Nel numero in edicola dal 16 maggio il presidente di Mondadori commenta le recenti vicende giudiziarie che hanno coinvolto il padre Silvio Berlusconi 

La copertina del numero 22 di Panorama, in edicola dal 16 maggio

Prima la condanna a 4 anni di reclusione nel processo d’appello sui diritti Mediaset. Poi la richiesta di altri 6 anni di carcere, pronunciata dal pm Ilda Boccassini al processo sul «Rubygate». Mentre nella perenne battaglia fra politica e magistratura torna a salire la tensione, nel numero in edicola da giovedì 16 maggio Panorama ha intervistato Marina Berlusconi, figlia del quattro volte premier e 33 volte imputato. Che spiega come a condurre le danze sia «un gruppo non ampio di magistrati, a cominciare da una pattuglia di procure, che sono, quelle sì per davvero, procure ad personam».
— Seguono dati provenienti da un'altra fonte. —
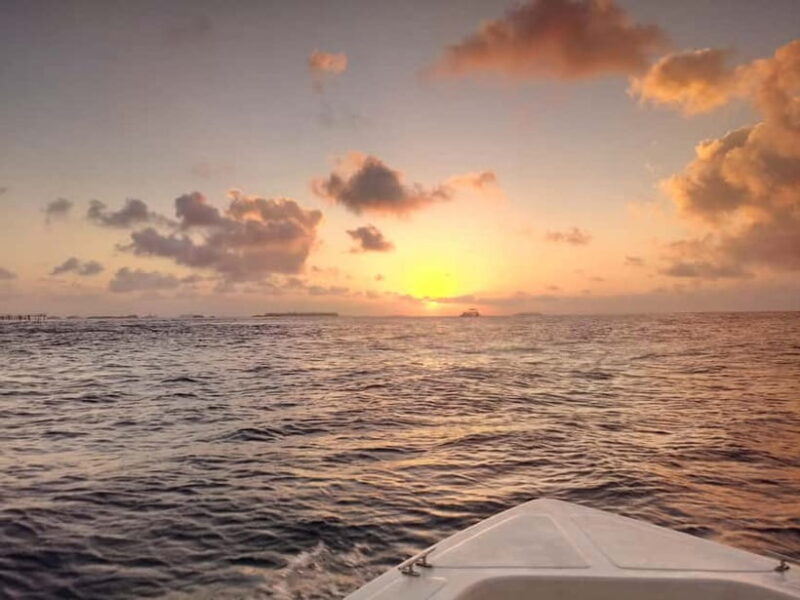 Maldives: Sunset Cruise with Dolphin Watching - Good To Know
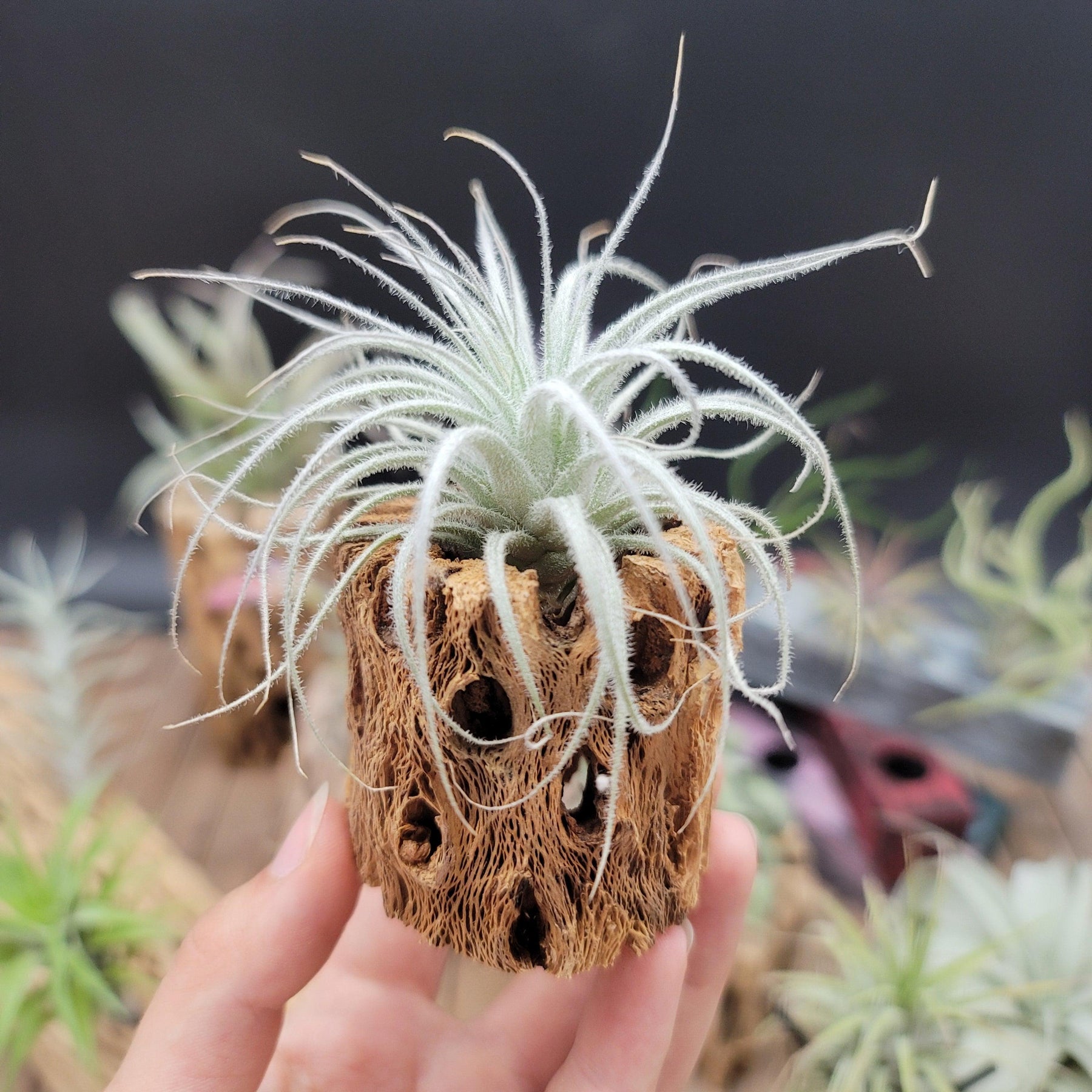 white fuzzy air plant Tillandsia Tectorum Ecuador small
Due anni fa aveva promesso di risanare Napoli, bonificare l’ex area industriale di Bagnoli, riportare alla legalità le periferie, come Scampia, liberare la città dalla spazzatura… Panorama ha scoperto ben altro: ha scoperto che Luigi De Magistris ha sprofondato un municipio in un falò di promesse. Viaggia in auto blu con sprezzo delle regole stradali, ha sostituito 8 assessori in un anno, ha reso le strade una gruviera e la lotta alla criminalità uno spot. L’epica di un ex pm trasformatosi in un Masaniello che ha illuso (e deluso) Napoli.

Dal 2008 accende le lampadine della burocrazia italiana. Ma vanta crediti con le amministrazioni pubbliche per 15 milioni di euro. Ha fornito e fornisce energia elettrica nelle basi militari, nelle carceri, negli stadi e nelle caserme dei carabinieri. Da anni lo Stato non lo paga  per mancanza di liquidità. Lui per protesta ha deciso di staccargli la spina (elettrica). Panorama racconta lo sciopero bianco di Corrado Nela, amministratore delegato della Exergia di Gallarate: l’uomo che lasciato al buio anche la polizia.

Infine, Panorama ha compiuto un viaggio nel suicidio assistito. Per farlo, ha parlato con Emilio Coveri, l’italiano che da anni si batte per dare un limite al dolore. Nel 1996 Coveri ha fondato a Torino l’associazione Exit Italia, che ha proprio lo scopo di dare informazioni sulle pratiche del «fine vita». Indica le mete a chi ha deciso di congedarsi dalla sofferenza, le pratiche, il prezzo  per morire, le richieste per la cosiddetta «dolce morte».